German government bonds may gain next week along with the rest of the euro region’s core debt market as investors seek havens before unprecedented political events later this month.

Britain’s referendum on its European Union membership and Spain’s repeat elections are approaching, and bonds from Germany, France and the Netherlands have been outperforming their peripheral peers in the past month as analysts reckoned a U.K. vote on June 23 to leave the EU will hurt lower-rated European nations. The price of France’s bond maturing in 2066 rose above its par value for the first time since it was issued in April.

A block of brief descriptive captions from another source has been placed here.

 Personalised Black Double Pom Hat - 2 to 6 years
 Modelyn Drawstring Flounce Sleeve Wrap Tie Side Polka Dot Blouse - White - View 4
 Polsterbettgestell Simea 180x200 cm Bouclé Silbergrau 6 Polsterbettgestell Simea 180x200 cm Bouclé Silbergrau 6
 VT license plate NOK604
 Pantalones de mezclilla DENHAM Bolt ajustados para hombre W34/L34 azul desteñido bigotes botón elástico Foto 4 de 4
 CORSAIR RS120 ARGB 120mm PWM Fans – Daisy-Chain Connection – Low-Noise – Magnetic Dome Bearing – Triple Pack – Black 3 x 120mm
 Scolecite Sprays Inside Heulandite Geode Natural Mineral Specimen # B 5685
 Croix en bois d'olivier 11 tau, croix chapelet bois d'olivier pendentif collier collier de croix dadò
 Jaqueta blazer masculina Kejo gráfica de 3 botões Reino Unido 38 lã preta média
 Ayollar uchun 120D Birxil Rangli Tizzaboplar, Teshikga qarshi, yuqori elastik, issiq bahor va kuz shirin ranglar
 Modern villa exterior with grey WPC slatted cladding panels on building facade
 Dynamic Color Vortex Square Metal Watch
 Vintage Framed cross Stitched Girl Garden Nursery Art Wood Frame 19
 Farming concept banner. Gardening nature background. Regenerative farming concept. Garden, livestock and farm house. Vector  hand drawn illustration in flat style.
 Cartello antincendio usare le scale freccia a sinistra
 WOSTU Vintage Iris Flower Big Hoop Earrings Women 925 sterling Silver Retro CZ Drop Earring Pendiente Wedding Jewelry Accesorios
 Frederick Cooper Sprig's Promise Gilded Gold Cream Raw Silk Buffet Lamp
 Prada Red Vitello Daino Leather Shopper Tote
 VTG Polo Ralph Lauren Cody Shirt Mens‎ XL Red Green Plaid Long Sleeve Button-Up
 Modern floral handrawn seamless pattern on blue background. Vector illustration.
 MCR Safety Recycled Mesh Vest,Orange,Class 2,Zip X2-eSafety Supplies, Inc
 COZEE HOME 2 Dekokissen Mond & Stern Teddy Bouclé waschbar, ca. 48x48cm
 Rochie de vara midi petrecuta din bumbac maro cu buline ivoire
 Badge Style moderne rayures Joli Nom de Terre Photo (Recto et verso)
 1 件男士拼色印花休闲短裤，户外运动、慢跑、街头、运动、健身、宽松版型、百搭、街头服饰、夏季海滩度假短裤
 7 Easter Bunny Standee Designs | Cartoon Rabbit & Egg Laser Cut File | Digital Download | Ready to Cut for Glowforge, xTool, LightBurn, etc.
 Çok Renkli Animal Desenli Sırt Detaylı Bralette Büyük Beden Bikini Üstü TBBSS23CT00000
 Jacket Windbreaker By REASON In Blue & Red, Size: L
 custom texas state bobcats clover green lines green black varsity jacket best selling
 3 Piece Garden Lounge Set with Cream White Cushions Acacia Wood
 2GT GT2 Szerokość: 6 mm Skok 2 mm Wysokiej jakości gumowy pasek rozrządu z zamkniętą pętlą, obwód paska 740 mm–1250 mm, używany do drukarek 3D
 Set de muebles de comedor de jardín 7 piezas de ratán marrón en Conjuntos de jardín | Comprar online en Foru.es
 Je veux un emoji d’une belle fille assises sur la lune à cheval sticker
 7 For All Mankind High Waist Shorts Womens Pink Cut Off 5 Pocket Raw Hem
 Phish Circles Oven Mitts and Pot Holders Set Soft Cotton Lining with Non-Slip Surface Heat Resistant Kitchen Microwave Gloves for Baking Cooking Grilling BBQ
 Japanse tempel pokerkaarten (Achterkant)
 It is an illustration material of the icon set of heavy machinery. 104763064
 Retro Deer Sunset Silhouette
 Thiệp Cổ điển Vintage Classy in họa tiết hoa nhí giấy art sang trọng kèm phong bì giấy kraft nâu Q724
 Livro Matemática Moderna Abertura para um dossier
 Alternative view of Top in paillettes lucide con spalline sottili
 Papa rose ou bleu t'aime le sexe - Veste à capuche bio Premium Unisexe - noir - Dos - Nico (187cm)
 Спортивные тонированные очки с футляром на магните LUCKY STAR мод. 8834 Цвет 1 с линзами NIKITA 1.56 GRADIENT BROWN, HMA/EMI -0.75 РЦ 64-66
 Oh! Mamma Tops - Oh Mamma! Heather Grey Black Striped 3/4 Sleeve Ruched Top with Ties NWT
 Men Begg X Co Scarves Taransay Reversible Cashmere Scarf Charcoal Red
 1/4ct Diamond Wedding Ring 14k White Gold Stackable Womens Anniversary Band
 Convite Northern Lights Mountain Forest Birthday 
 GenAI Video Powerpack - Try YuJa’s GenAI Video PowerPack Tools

“Our view into next week is bullish on core European government bonds,” said Antoine Bouvet, a London-based rates strategist at Mizuho International Plc. “The re-pricing by the market of upcoming event risks in June will support those markets. Both the Spanish elections and the U.K. EU membership referendum vote are bearish factors for the periphery,” as results may increase a perceived risk that the euro area breaks up.

The yield on Germany’s 10-year bund fell seven basis points, or 0.07 percentage point, to 0.07 percent in the week, as of the 5 p.m. close in London on Friday, having touched 0.065 percent, the lowest since April 2015. The 0.5 percent security due in February 2026 rose 0.68, or 6.80 euros per 1,000-euro ($1,133) face amount, to 104.17.

Italian Spread

Italy’s yield spread over the German securities increased five basis points in the week to 1.26 percentage points. Spain’s 10-year spread widened six basis points to 1.40 percentage points, the first increase in three weeks.

ICM polls released May 31 by the Guardian newspaper showed a three percentage-point lead for the ‘Leave’ camp in both the online and telephone surveys. Spain will hold a repeat election on June 26, after the two parties that have taken turns leading the nation since the early 1980s failed to form a government after elections six months ago.

Core European government bonds “should be supported by growing uncertainty” as global risks events such as the U.K. referendum approaches, said Jan Von Gerich, chief strategist at Nordea Bank AB in Helsinki. “The polls are unlikely to give a conclusive picture ahead of the vote, meaning the markets will probably price more uncertainty.”

The yields on eight- and nine-year German bonds dropped to records on Friday after a report showed U.S. employers added just 38,000 jobs in May, the fewest since September 2010.